Innanzitutto, dovrebbe rappresentare l’occasione per una concreta presa di coscienza da parte dei Paesi Occidentali dei problemi del Mali, segnato da anni di conflitti, povertà e corruzione, per il suo ruolo “cardine” nella lotta al terrorismo.
Il jihadismo saheliano non è simile a quello siriano o afghano, è una letale combinazione di contrabbando, economia criminale del deserto, mescolanze etniche e tribali, un po' di teologia e, soprattutto, abile sfruttamento delle iniquità che spesso i regimi compiono in quella parte del mondo.
Il putsch (il quarto in sessant’anni dall’indipendenza – 1960), dopo mesi di proteste, è conseguenza della percezione diffusa nella popolazione e fatta propria dai militari di un Presidente e di un governo fortemente corrotti *2, incapaci di gestire la crisi economica e di combattere i gruppi armati, in particolare nel Nord del Paese.
I cittadini, stando alle recenti cronache, avevano perso la fiducia nei politici e si sono rivolti ai militari non per instaurare un sistema democratico come è inteso in Occidente, ma per far prevalere la giustizia (sociale soprattutto) e la sicurezza.

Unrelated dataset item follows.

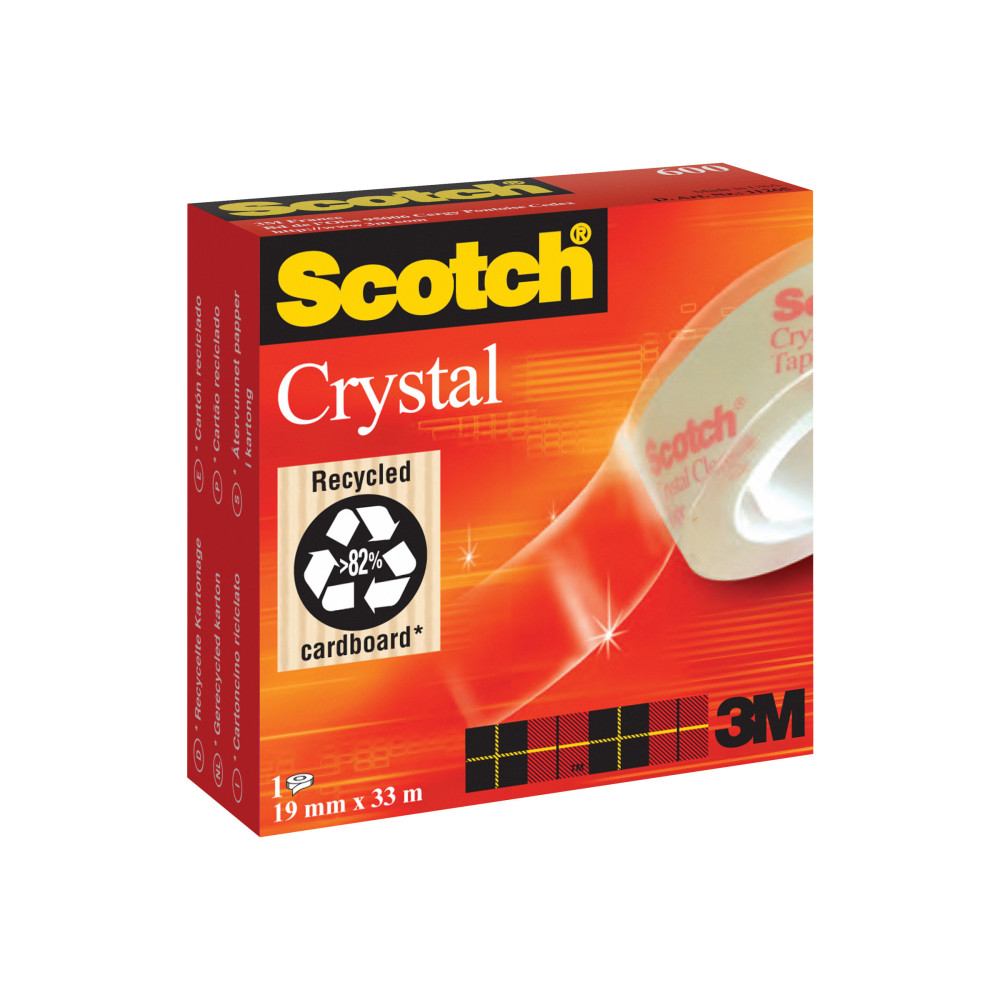 Produktbild för Scotch Crystal 600 kontorstejp - 19 mm x 33 m - kristallklar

In Paesi dove non esistono strutture socio-politiche e partiti in grado di saper affrontare crisi del genere, i militari possono svolgere un ruolo di transizione tra un sistema e un altro (come le F.A. turche erano depositarie sino ad alcuni anni orsono dell'unità dello Stato e della laicità della società, e le custodi della costituzione, come previsto da Kemal Atatürk).
Ovviamente la Comunità Internazionale ha condannato questo abuso di potere dei militari. Per i nostri governi, infatti, un golpe non è accettabile in linea di principio ed è contro i nostri valori democratici.
Il colpo di stato, inoltre, potrebbe costituire un pericoloso precedente, dal momento che altri Paesi dell’Africa Occidentale saranno interessati nel prossimo futuro a consultazioni elettorali potenzialmente conflittuali.
Tuttavia è necessaria una riflessione.
L’evento deve essere contestualizzato e non valutato secondo un approccio etnocentrico, che privilegia i valori della nostra cultura per analizzare le altre culture (tipico errore occidentale), in particolare le più lontane, e che considera i nostri valori come universali.
Erano mesi che avevano luogo in Mali manifestazioni sempre più animate e rabbiose che chiedevano un radicale cambiamento in favore di una classe politica più reattiva, più responsabile e più legittima. La popolazione aveva perso progressivamente confidenza nelle istituzioni che non erano in grado di proteggerla dagli attacchi jihadisti, di evitare le lotte tribali e di migliorarne la condizione economica.
L’apogeo di tale malcontento si è avuto nell’aprile scorso allorché la Corte Costituzionale aveva alterato i risultati delle elezioni legislative.
Malgrado una significativa presenza internazionale nel Paese, rappresentata dalle missioni ONU (MINUSMA) e UE (EUTM), dalle Organizzazioni regionali dell’UA e dell’ECOWAS, dai Paesi Occidentali dell’Operazione Barkhane, non è stato fatto nessun tentativo per disinnescare l’evidente crisi prima del colpo di stato, limitandosi alle consuete (quanto inutili) affermazioni del tipo: lavoriamo per rispondere positivamente alle aspettative di pace dei popoli del Sahel.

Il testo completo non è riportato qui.